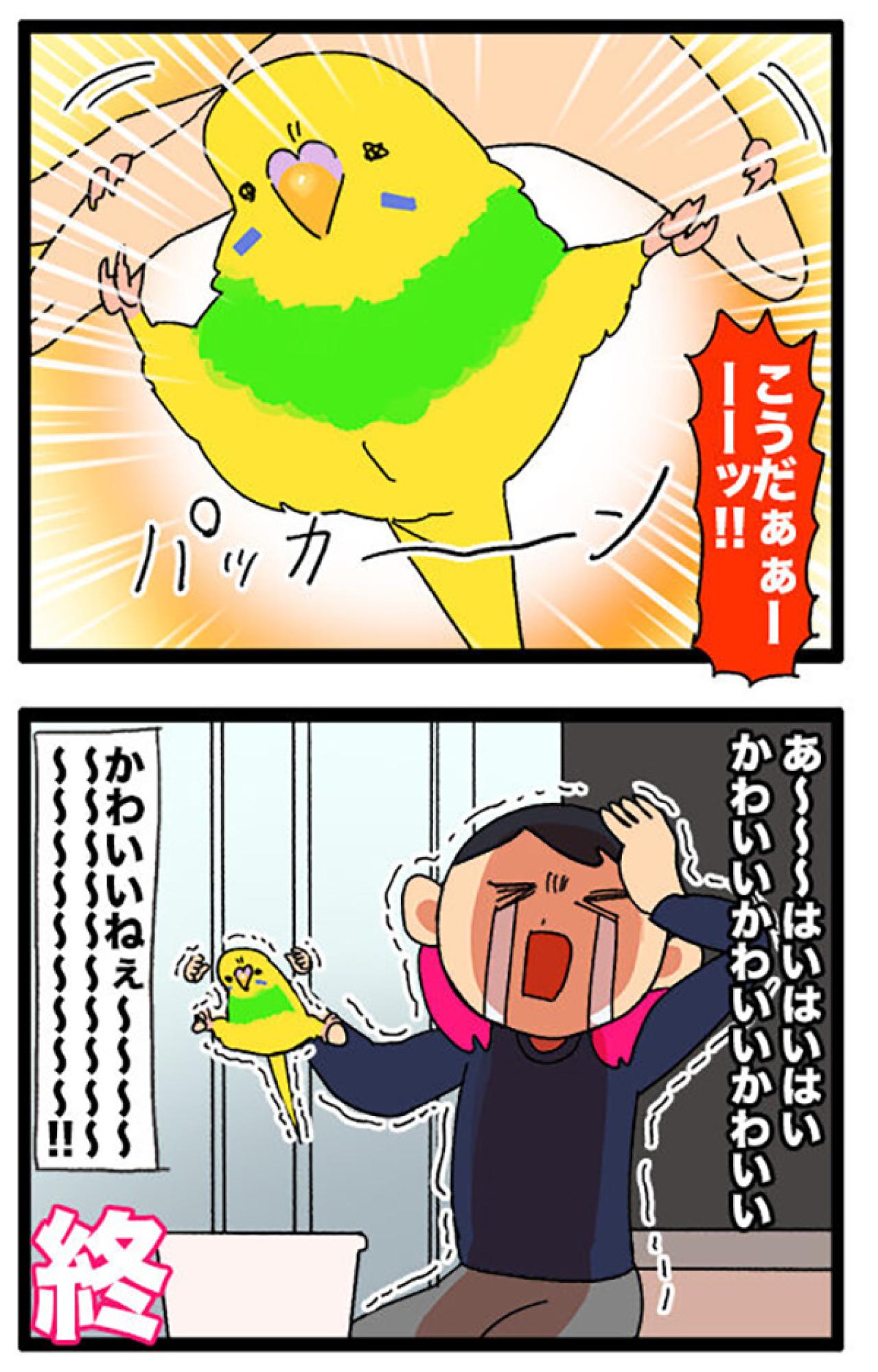 セキセイインコ・カチョリエルの夜更かし＆セクシーな開脚観察日記【鳥マンガ＃107】（画像7）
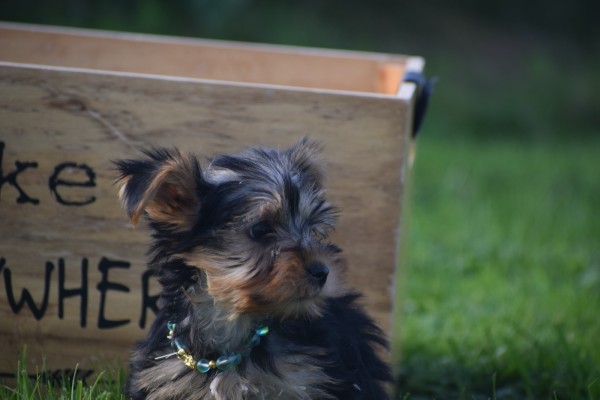 Yorkshire Terrier (reu) 49028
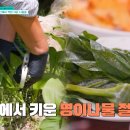 진고개민박 이미지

WORK TO BE COMPLETED: Copy out the material above in full and exactly; its pictures are not to appear.

RESULT OF THIS TASK:
 セキセイインコ・カチョリエルの夜更かし＆セクシーな開脚観察日記【鳥マンガ＃107】（画像7）
 Yorkshire Terrier (reu) 49028
 진고개민박 이미지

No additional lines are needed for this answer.